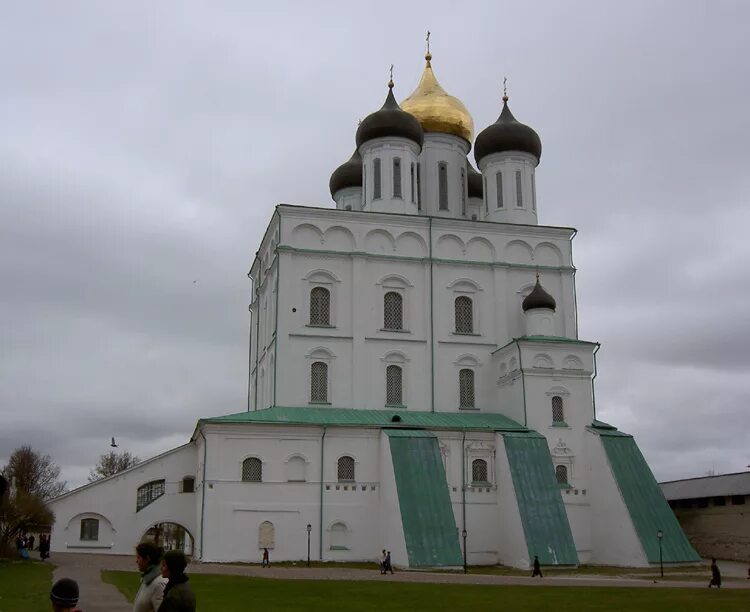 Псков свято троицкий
---
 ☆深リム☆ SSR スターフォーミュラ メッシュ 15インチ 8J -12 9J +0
--
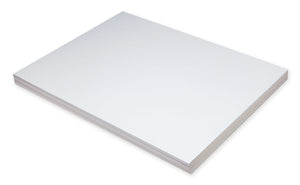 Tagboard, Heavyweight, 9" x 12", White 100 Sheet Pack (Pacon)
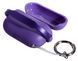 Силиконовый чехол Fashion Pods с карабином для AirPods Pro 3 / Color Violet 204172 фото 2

Task => In the records above, everything from the line with "Sheet Pack (Pacon)" down to the line with "Силиконовый чехол Fashion" must be duplicated exactly, both lines kept. Leave no pictures in.

Task output =>
 Tagboard, Heavyweight, 9" x 12", White 100 Sheet Pack (Pacon)
 Силиконовый чехол Fashion Pods с карабином для AirPods Pro 3 / Color Violet 204172 фото 2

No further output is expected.